Prompt |
Copy the entries exactly. Their pictures do not belong in the copy.

══ Excerpted records ══

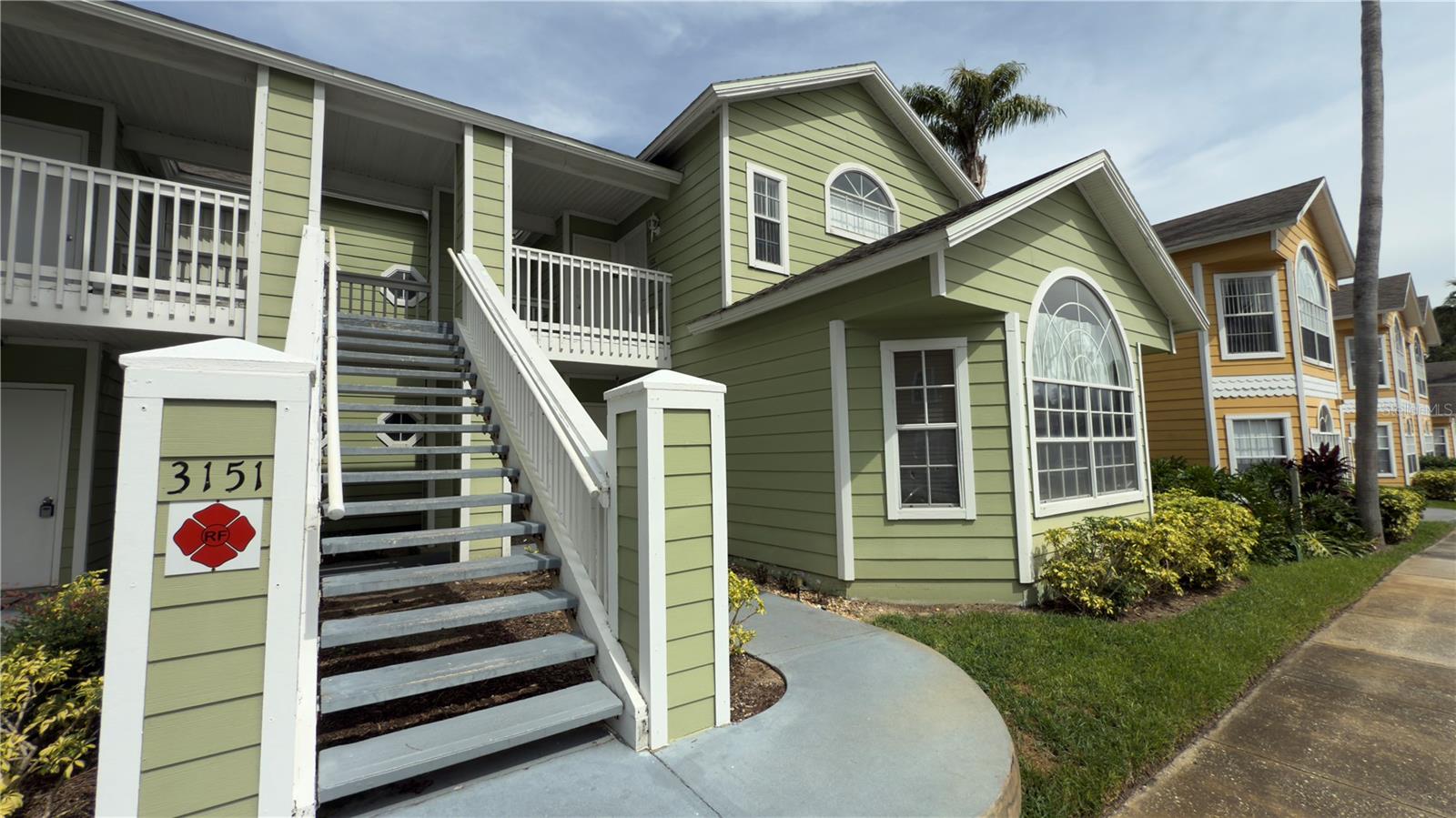 Welcome to this rare and spacious 3-bedroom, 3-bathroom condo located on the second floor in a highly sought-after resort-style community just 10 minutes from Disney! This unique unit features "two master suites with private bathrooms", an open-concept living, dining, and kitchen area, and a private balcony perfect for relaxing or entertaining. This is the ONLY active listing with 3 bedrooms and 3 full bathrooms at this price point, making it an exceptional opportunity for investors, second-home buyers, or primary residents. The community offers resort-style amenities including a sparkling swimming pool, tennis courts, a fitness center, and more. Enjoy being just minutes away from a variety of restaurants, shops, and world-famous attractions. Don’t miss out on this unmatched combination of space, value, and location!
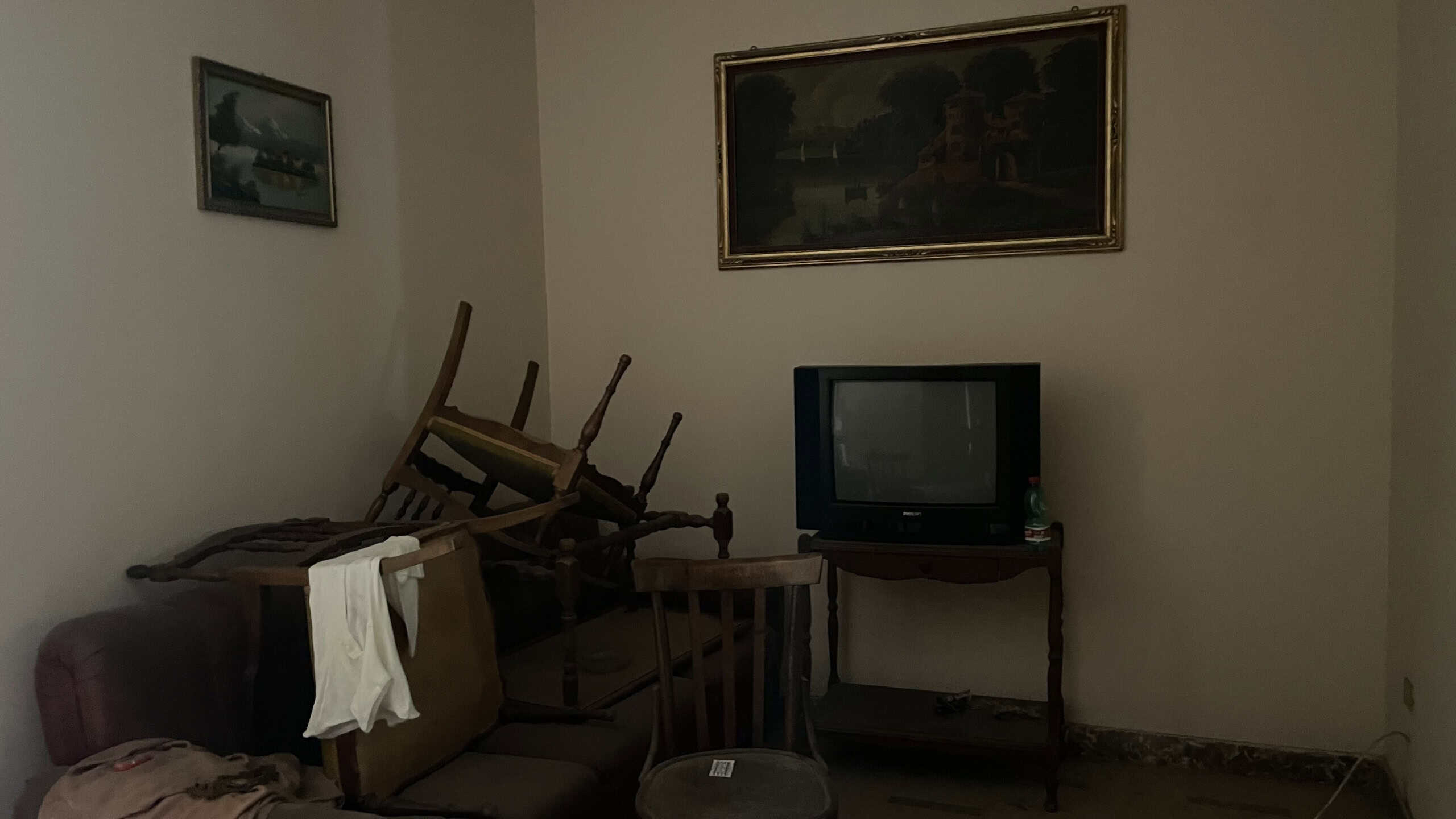 Interno di un appartamento con mobili impilati e TV, ambiente semplice e non arredato, in vendita a Scaletta Zanclea, Me.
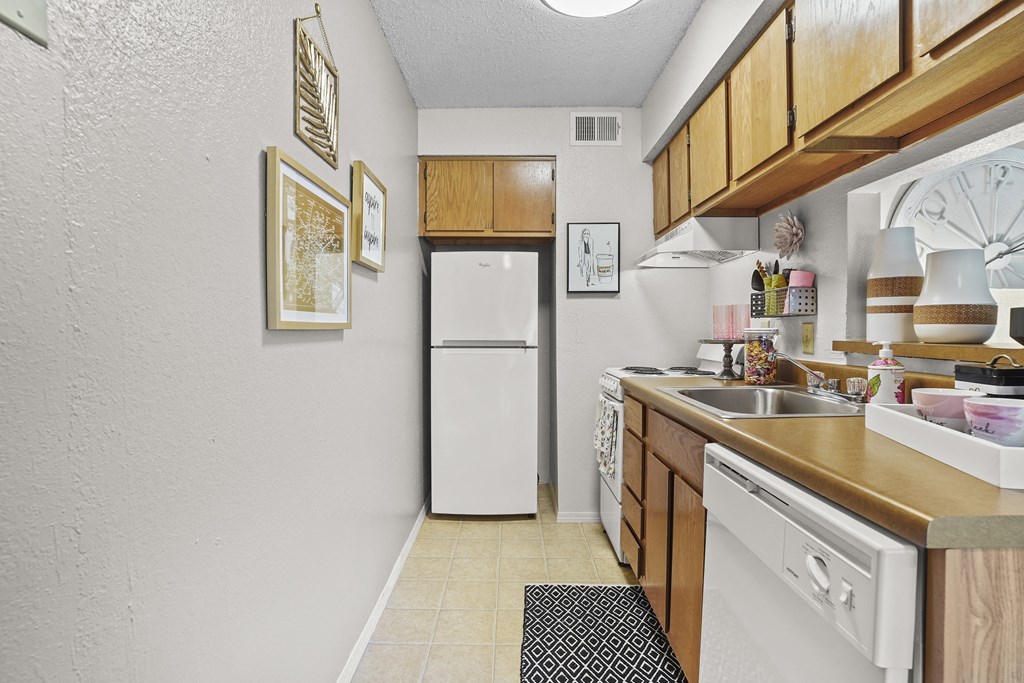 A kitchen with a white dishwasher and a white refrigerator.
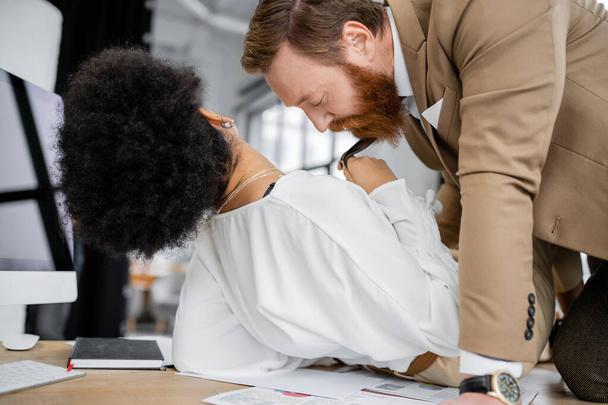curly african american woman pulling tie of bearded coworker while lying on office table - Fotoğraf, Görsel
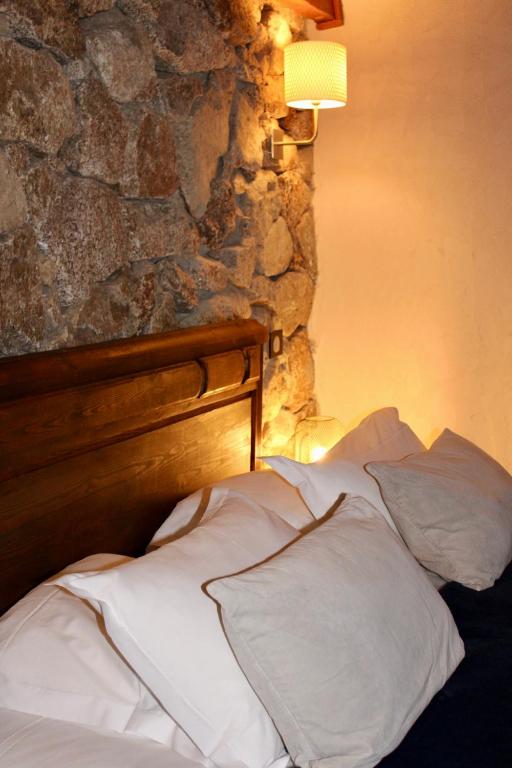 Postel nebo postele na pokoji v ubytování Bergerie du Prunelli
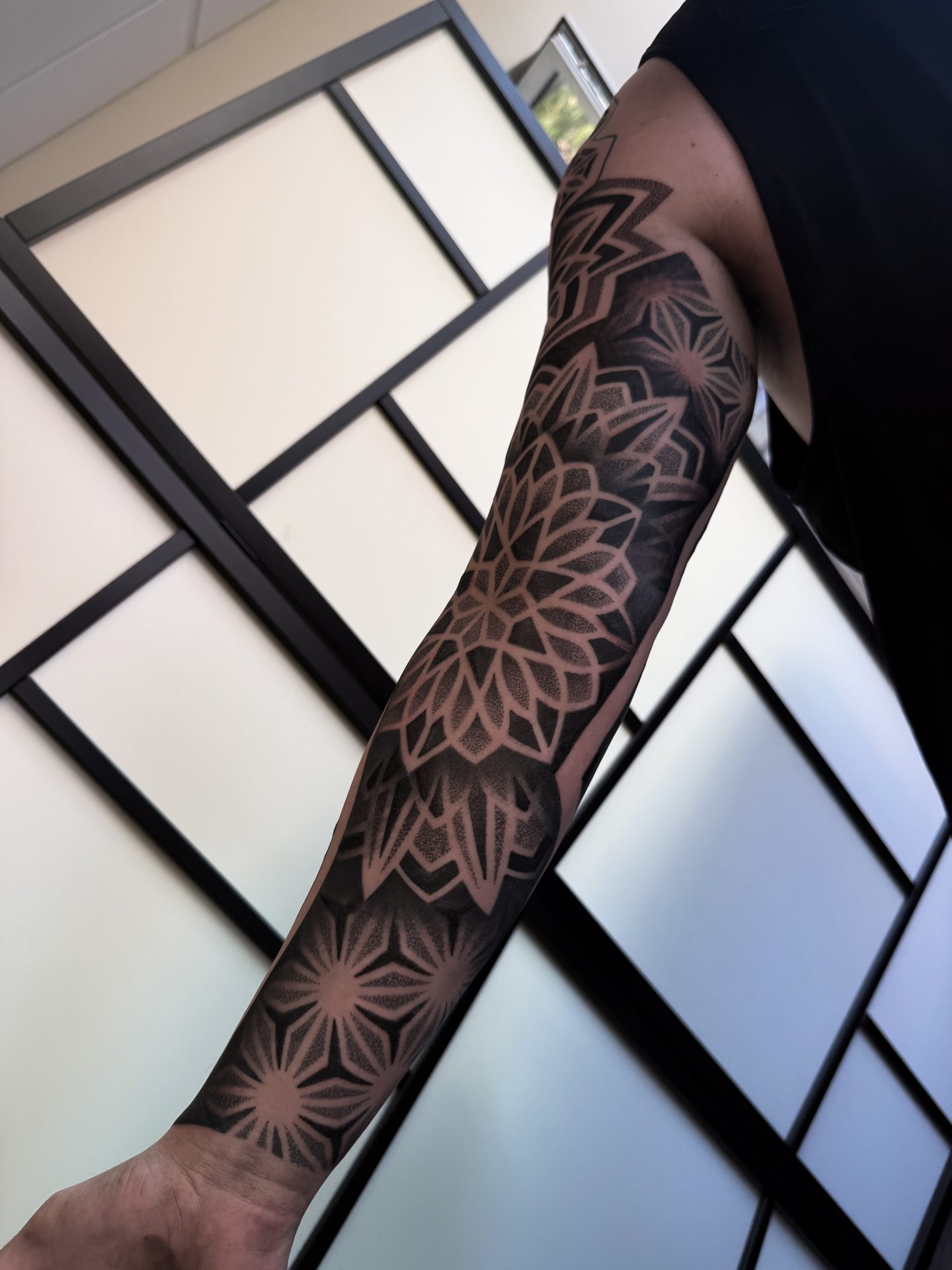 Geometric mandala sleeve tattoo with raised arm by Liam Couper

═══

Exercise result |
 Welcome to this rare and spacious 3-bedroom, 3-bathroom condo located on the second floor in a highly sought-after resort-style community just 10 minutes from Disney! This unique unit features "two master suites with private bathrooms", an open-concept living, dining, and kitchen area, and a private balcony perfect for relaxing or entertaining. This is the ONLY active listing with 3 bedrooms and 3 full bathrooms at this price point, making it an exceptional opportunity for investors, second-home buyers, or primary residents. The community offers resort-style amenities including a sparkling swimming pool, tennis courts, a fitness center, and more. Enjoy being just minutes away from a variety of restaurants, shops, and world-famous attractions. Don’t miss out on this unmatched combination of space, value, and location!
 Interno di un appartamento con mobili impilati e TV, ambiente semplice e non arredato, in vendita a Scaletta Zanclea, Me.
 A kitchen with a white dishwasher and a white refrigerator.
curly african american woman pulling tie of bearded coworker while lying on office table - Fotoğraf, Görsel
 Postel nebo postele na pokoji v ubytování Bergerie du Prunelli
 Geometric mandala sleeve tattoo with raised arm by Liam Couper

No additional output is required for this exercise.